What this task involves:
I would like you to print all the records below exactly as they are.

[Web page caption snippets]

○ ○ ○ ○ ○

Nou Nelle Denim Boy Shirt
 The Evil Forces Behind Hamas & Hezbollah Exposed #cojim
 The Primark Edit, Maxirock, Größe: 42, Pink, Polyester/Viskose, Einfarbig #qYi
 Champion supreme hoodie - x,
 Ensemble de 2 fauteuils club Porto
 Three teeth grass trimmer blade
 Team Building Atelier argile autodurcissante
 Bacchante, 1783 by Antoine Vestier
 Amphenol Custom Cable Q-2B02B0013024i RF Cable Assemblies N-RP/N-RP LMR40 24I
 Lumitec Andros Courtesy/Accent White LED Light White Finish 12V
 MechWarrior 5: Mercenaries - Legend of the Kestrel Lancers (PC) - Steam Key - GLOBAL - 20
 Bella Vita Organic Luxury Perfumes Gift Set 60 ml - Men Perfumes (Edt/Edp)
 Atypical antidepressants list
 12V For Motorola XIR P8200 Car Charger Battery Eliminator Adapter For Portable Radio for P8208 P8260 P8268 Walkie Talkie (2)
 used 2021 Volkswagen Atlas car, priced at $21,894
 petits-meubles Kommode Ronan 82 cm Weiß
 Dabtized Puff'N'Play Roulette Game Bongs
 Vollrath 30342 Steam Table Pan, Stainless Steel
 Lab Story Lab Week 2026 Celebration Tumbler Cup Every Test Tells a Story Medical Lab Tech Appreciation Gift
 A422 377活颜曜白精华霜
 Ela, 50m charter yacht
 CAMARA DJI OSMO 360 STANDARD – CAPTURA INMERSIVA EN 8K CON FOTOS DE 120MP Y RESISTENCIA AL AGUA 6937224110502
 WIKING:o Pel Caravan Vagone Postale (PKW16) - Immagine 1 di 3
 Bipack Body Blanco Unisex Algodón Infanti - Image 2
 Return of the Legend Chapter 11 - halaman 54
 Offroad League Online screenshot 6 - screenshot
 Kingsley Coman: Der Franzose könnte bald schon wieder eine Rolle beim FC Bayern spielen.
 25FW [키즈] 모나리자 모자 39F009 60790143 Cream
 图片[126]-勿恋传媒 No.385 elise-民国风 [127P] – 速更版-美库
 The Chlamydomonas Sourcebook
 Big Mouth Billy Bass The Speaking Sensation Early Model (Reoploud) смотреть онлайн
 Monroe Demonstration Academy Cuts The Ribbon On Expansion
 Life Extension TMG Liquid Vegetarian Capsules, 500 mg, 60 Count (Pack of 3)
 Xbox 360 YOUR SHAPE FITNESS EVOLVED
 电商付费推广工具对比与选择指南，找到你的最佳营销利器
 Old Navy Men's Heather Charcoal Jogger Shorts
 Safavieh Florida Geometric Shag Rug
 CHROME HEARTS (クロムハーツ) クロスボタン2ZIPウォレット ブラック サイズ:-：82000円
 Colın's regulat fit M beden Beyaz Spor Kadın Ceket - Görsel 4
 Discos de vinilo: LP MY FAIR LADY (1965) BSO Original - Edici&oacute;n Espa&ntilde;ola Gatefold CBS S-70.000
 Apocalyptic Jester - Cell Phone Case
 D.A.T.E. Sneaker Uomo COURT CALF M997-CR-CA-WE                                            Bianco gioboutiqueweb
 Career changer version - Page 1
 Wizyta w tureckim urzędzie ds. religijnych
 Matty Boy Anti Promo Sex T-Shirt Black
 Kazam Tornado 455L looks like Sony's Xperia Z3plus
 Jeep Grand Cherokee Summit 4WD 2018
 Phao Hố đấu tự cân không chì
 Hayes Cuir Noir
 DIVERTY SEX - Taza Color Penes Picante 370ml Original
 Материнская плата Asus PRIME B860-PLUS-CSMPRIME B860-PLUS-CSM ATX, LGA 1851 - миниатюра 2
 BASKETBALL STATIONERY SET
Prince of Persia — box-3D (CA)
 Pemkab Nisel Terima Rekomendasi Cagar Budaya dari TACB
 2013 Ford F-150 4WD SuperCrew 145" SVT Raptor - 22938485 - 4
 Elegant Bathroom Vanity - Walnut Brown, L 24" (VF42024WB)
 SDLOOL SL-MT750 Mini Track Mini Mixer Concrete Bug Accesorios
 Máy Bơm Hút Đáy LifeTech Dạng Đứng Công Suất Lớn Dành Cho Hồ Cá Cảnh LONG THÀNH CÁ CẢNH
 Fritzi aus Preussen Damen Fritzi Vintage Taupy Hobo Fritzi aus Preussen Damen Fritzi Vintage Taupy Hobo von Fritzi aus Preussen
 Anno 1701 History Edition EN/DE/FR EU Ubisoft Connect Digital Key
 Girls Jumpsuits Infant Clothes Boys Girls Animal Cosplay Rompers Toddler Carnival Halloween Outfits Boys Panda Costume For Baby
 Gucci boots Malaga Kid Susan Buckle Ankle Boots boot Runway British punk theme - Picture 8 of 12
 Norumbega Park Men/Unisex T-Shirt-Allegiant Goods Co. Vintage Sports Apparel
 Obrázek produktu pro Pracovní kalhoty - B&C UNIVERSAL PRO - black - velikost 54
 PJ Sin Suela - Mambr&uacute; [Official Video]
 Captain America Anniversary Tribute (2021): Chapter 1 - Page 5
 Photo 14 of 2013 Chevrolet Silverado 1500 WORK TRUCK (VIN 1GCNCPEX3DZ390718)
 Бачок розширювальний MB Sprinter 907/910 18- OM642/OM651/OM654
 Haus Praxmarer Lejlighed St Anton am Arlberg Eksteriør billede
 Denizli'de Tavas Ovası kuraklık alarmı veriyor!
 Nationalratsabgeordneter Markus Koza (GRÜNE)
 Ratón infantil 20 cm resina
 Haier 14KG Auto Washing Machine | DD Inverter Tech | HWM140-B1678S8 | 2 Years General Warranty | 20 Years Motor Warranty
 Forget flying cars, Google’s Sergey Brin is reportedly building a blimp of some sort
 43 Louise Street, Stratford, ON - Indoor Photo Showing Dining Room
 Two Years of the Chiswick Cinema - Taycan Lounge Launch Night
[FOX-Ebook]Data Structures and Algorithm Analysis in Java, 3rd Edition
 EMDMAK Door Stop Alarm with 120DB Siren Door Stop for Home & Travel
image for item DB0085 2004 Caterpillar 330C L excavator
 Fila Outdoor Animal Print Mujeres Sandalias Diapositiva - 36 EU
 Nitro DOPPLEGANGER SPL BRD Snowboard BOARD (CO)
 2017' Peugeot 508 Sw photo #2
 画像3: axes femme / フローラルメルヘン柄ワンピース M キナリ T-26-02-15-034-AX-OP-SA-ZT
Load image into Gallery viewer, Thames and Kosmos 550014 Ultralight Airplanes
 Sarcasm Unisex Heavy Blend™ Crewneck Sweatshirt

○ ○ ○ ○ ○

Written answer:
Nou Nelle Denim Boy Shirt
 The Evil Forces Behind Hamas & Hezbollah Exposed #cojim
 The Primark Edit, Maxirock, Größe: 42, Pink, Polyester/Viskose, Einfarbig #qYi
 Champion supreme hoodie - x,
 Ensemble de 2 fauteuils club Porto
 Three teeth grass trimmer blade
 Team Building Atelier argile autodurcissante
 Bacchante, 1783 by Antoine Vestier
 Amphenol Custom Cable Q-2B02B0013024i RF Cable Assemblies N-RP/N-RP LMR40 24I
 Lumitec Andros Courtesy/Accent White LED Light White Finish 12V
 MechWarrior 5: Mercenaries - Legend of the Kestrel Lancers (PC) - Steam Key - GLOBAL - 20
 Bella Vita Organic Luxury Perfumes Gift Set 60 ml - Men Perfumes (Edt/Edp)
 Atypical antidepressants list
 12V For Motorola XIR P8200 Car Charger Battery Eliminator Adapter For Portable Radio for P8208 P8260 P8268 Walkie Talkie (2)
 used 2021 Volkswagen Atlas car, priced at $21,894
 petits-meubles Kommode Ronan 82 cm Weiß
 Dabtized Puff'N'Play Roulette Game Bongs
 Vollrath 30342 Steam Table Pan, Stainless Steel
 Lab Story Lab Week 2026 Celebration Tumbler Cup Every Test Tells a Story Medical Lab Tech Appreciation Gift
 A422 377活颜曜白精华霜
 Ela, 50m charter yacht
 CAMARA DJI OSMO 360 STANDARD – CAPTURA INMERSIVA EN 8K CON FOTOS DE 120MP Y RESISTENCIA AL AGUA 6937224110502
 WIKING:o Pel Caravan Vagone Postale (PKW16) - Immagine 1 di 3
 Bipack Body Blanco Unisex Algodón Infanti - Image 2
 Return of the Legend Chapter 11 - halaman 54
 Offroad League Online screenshot 6 - screenshot
 Kingsley Coman: Der Franzose könnte bald schon wieder eine Rolle beim FC Bayern spielen.
 25FW [키즈] 모나리자 모자 39F009 60790143 Cream
 图片[126]-勿恋传媒 No.385 elise-民国风 [127P] – 速更版-美库
 The Chlamydomonas Sourcebook
 Big Mouth Billy Bass The Speaking Sensation Early Model (Reoploud) смотреть онлайн
 Monroe Demonstration Academy Cuts The Ribbon On Expansion
 Life Extension TMG Liquid Vegetarian Capsules, 500 mg, 60 Count (Pack of 3)
 Xbox 360 YOUR SHAPE FITNESS EVOLVED
 电商付费推广工具对比与选择指南，找到你的最佳营销利器
 Old Navy Men's Heather Charcoal Jogger Shorts
 Safavieh Florida Geometric Shag Rug
 CHROME HEARTS (クロムハーツ) クロスボタン2ZIPウォレット ブラック サイズ:-：82000円
 Colın's regulat fit M beden Beyaz Spor Kadın Ceket - Görsel 4
 Discos de vinilo: LP MY FAIR LADY (1965) BSO Original - Edici&oacute;n Espa&ntilde;ola Gatefold CBS S-70.000
 Apocalyptic Jester - Cell Phone Case
 D.A.T.E. Sneaker Uomo COURT CALF M997-CR-CA-WE                                            Bianco gioboutiqueweb
 Career changer version - Page 1
 Wizyta w tureckim urzędzie ds. religijnych
 Matty Boy Anti Promo Sex T-Shirt Black
 Kazam Tornado 455L looks like Sony's Xperia Z3plus
 Jeep Grand Cherokee Summit 4WD 2018
 Phao Hố đấu tự cân không chì
 Hayes Cuir Noir
 DIVERTY SEX - Taza Color Penes Picante 370ml Original
 Материнская плата Asus PRIME B860-PLUS-CSMPRIME B860-PLUS-CSM ATX, LGA 1851 - миниатюра 2
 BASKETBALL STATIONERY SET
Prince of Persia — box-3D (CA)
 Pemkab Nisel Terima Rekomendasi Cagar Budaya dari TACB
 2013 Ford F-150 4WD SuperCrew 145" SVT Raptor - 22938485 - 4
 Elegant Bathroom Vanity - Walnut Brown, L 24" (VF42024WB)
 SDLOOL SL-MT750 Mini Track Mini Mixer Concrete Bug Accesorios
 Máy Bơm Hút Đáy LifeTech Dạng Đứng Công Suất Lớn Dành Cho Hồ Cá Cảnh LONG THÀNH CÁ CẢNH
 Fritzi aus Preussen Damen Fritzi Vintage Taupy Hobo Fritzi aus Preussen Damen Fritzi Vintage Taupy Hobo von Fritzi aus Preussen
 Anno 1701 History Edition EN/DE/FR EU Ubisoft Connect Digital Key
 Girls Jumpsuits Infant Clothes Boys Girls Animal Cosplay Rompers Toddler Carnival Halloween Outfits Boys Panda Costume For Baby
 Gucci boots Malaga Kid Susan Buckle Ankle Boots boot Runway British punk theme - Picture 8 of 12
 Norumbega Park Men/Unisex T-Shirt-Allegiant Goods Co. Vintage Sports Apparel
 Obrázek produktu pro Pracovní kalhoty - B&C UNIVERSAL PRO - black - velikost 54
 PJ Sin Suela - Mambr&uacute; [Official Video]
 Captain America Anniversary Tribute (2021): Chapter 1 - Page 5
 Photo 14 of 2013 Chevrolet Silverado 1500 WORK TRUCK (VIN 1GCNCPEX3DZ390718)
 Бачок розширювальний MB Sprinter 907/910 18- OM642/OM651/OM654
 Haus Praxmarer Lejlighed St Anton am Arlberg Eksteriør billede
 Denizli'de Tavas Ovası kuraklık alarmı veriyor!
 Nationalratsabgeordneter Markus Koza (GRÜNE)
 Ratón infantil 20 cm resina
 Haier 14KG Auto Washing Machine | DD Inverter Tech | HWM140-B1678S8 | 2 Years General Warranty | 20 Years Motor Warranty
 Forget flying cars, Google’s Sergey Brin is reportedly building a blimp of some sort
 43 Louise Street, Stratford, ON - Indoor Photo Showing Dining Room
 Two Years of the Chiswick Cinema - Taycan Lounge Launch Night
[FOX-Ebook]Data Structures and Algorithm Analysis in Java, 3rd Edition
 EMDMAK Door Stop Alarm with 120DB Siren Door Stop for Home & Travel
image for item DB0085 2004 Caterpillar 330C L excavator
 Fila Outdoor Animal Print Mujeres Sandalias Diapositiva - 36 EU
 Nitro DOPPLEGANGER SPL BRD Snowboard BOARD (CO)
 2017' Peugeot 508 Sw photo #2
 画像3: axes femme / フローラルメルヘン柄ワンピース M キナリ T-26-02-15-034-AX-OP-SA-ZT
Load image into Gallery viewer, Thames and Kosmos 550014 Ultralight Airplanes
 Sarcasm Unisex Heavy Blend™ Crewneck Sweatshirt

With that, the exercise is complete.